What the exercise asks: Could you copy exactly the line that contains "Features and Benefits of Anyview Cast" and every line after it to the end of the records, and nothing more?

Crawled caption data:
↓
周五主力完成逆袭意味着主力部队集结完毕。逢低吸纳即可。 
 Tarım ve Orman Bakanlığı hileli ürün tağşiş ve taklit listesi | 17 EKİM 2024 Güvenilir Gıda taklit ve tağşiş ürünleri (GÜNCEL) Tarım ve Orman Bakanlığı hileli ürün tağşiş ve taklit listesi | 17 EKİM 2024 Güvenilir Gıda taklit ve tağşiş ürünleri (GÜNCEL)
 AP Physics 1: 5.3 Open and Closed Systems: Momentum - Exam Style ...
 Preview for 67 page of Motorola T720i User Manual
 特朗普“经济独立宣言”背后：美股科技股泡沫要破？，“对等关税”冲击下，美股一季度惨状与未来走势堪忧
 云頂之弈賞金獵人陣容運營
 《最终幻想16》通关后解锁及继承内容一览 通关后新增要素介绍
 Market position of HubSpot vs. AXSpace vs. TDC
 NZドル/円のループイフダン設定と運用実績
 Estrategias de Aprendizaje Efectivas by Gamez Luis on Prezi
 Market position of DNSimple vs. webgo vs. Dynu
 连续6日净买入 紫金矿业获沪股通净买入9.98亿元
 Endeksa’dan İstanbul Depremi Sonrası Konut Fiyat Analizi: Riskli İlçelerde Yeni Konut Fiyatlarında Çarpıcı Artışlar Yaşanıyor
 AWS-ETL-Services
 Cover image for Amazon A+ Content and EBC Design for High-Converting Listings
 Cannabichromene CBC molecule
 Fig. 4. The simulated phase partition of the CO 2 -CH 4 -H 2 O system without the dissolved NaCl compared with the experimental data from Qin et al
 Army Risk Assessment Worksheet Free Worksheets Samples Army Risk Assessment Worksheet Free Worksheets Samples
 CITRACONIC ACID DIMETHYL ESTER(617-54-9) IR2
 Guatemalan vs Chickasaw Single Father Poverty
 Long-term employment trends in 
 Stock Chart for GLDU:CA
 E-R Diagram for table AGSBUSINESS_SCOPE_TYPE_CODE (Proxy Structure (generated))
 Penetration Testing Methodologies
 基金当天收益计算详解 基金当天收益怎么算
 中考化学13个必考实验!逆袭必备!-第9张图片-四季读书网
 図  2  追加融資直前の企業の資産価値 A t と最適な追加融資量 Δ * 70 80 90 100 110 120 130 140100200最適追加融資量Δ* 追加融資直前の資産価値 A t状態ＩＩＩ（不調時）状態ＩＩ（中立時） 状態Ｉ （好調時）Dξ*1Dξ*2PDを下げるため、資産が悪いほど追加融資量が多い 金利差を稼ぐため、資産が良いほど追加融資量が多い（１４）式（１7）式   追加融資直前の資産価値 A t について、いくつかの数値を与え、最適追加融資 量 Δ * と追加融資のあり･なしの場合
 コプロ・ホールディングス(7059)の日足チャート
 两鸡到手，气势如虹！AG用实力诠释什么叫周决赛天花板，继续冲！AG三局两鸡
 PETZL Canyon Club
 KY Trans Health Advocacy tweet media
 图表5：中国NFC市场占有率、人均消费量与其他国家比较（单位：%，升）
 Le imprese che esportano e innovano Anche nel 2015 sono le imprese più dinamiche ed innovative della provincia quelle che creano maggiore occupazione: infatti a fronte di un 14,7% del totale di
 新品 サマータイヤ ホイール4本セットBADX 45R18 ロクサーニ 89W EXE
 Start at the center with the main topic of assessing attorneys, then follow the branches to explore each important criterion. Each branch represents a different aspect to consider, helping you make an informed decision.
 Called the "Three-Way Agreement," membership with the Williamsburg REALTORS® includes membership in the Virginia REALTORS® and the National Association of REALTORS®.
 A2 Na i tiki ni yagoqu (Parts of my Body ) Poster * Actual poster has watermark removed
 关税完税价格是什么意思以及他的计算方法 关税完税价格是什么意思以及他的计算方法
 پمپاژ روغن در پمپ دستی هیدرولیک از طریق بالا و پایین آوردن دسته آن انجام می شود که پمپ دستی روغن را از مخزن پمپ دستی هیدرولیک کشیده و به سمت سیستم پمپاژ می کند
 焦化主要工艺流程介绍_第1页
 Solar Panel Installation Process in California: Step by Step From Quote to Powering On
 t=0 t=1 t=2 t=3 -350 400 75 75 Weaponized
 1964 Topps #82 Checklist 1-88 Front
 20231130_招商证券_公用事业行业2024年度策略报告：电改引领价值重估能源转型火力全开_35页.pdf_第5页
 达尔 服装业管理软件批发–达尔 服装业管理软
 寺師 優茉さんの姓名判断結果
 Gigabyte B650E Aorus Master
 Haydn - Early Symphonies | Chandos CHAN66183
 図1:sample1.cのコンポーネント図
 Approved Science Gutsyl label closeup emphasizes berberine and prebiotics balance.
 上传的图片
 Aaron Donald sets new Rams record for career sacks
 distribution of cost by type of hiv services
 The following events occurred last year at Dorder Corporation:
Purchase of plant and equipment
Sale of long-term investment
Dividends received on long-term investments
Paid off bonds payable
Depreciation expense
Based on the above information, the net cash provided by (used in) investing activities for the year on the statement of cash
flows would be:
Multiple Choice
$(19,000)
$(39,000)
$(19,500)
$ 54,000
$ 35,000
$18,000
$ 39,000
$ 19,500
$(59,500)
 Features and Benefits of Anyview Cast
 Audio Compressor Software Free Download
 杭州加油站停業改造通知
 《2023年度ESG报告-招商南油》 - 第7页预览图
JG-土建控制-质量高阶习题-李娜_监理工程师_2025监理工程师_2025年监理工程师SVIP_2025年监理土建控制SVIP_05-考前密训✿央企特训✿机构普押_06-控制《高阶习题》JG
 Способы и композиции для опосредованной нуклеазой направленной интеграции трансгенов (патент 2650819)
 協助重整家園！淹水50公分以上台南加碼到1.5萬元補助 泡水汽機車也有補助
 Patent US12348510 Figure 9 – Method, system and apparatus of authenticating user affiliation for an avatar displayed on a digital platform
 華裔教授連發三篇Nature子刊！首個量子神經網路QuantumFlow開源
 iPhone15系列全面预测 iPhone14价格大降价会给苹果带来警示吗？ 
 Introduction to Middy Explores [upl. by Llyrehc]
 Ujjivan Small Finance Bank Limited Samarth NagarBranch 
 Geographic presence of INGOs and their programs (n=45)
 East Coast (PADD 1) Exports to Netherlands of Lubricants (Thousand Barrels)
↑
Exercise answer:
 Features and Benefits of Anyview Cast
 Audio Compressor Software Free Download
 杭州加油站停業改造通知
 《2023年度ESG报告-招商南油》 - 第7页预览图
JG-土建控制-质量高阶习题-李娜_监理工程师_2025监理工程师_2025年监理工程师SVIP_2025年监理土建控制SVIP_05-考前密训✿央企特训✿机构普押_06-控制《高阶习题》JG
 Способы и композиции для опосредованной нуклеазой направленной интеграции трансгенов (патент 2650819)
 協助重整家園！淹水50公分以上台南加碼到1.5萬元補助 泡水汽機車也有補助
 Patent US12348510 Figure 9 – Method, system and apparatus of authenticating user affiliation for an avatar displayed on a digital platform
 華裔教授連發三篇Nature子刊！首個量子神經網路QuantumFlow開源
 iPhone15系列全面预测 iPhone14价格大降价会给苹果带来警示吗？ 
 Introduction to Middy Explores [upl. by Llyrehc]
 Ujjivan Small Finance Bank Limited Samarth NagarBranch 
 Geographic presence of INGOs and their programs (n=45)
 East Coast (PADD 1) Exports to Netherlands of Lubricants (Thousand Barrels)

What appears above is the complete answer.